Erstaunlicherweise ging das recht gut, nachdem ich schon eine Zweikörpersimulation hatte, kam eigentlich nur noch der Planet hinzu. Um den zu treffen, habe ich mir den einfachsten Lösungsansatz genommen: Erst in einer normalen Berechnung die Reisezeit dorthin bestimmen, dann die Anfangsposition von der Endposition um den Winkel verschieben, den der Planet braucht, um dorthin zu kommen. Mein Modell ist dahin gehend vereinfacht, dass ich auf die Z-Komponente verzichte und sich die Planeten auf korrekten Kreisbahnen bewegen. Da ich nur mit Bewegungsvektoren und Geschwindigkeitsvektoren arbeite, wäre es ein leichtes das ganze auf „korrekt“ zu trimmen, nur braucht man dann um den Punkt zu treffen wo sich Sonde und Planet begegnen, auch wirklich die echten Koordinaten im Raum.

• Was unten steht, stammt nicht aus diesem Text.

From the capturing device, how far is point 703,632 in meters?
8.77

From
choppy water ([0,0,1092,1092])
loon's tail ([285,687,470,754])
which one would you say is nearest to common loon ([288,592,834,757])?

Die kann man zwar inzwischen bei der NASA nachfragen, aber das war mir dann doch für jede Simulation zu umständlich und in der Zukunft berechnete Daten die sogenannten emphemeriden habe ich nicht und wollte ich auch nicht einbauen. Viel Arbeit habe ich dann noch in die Protokollierung statistischer werte gesteckt und deren Ausgabe.
Ich will heute mal ein paar Ergebnisse vorstellen. Da zig Bahnen möglich sind, habe ich mich mal für die Demonstration auf einige feste Konstanten geeinigt. Wir fliegen von der Erde (150 Mill. Km Entfernung) zu Jupiter (778 Mill. Km Entfernung) mit einer solaren Anfangsgeschwindigkeit von 38700 m/s. Das würde, wenn man Jupiter nicht erreicht, eine Ellipse mit einem Aphel von 825 Mill. Km ergeben. Die Startgeschwindigkeit aus einer 186 km hohen Parkbahn läge bei 14203,2 m/s. Dies wäre die Geschwindigkeit die eine Rakete erreichen müsste.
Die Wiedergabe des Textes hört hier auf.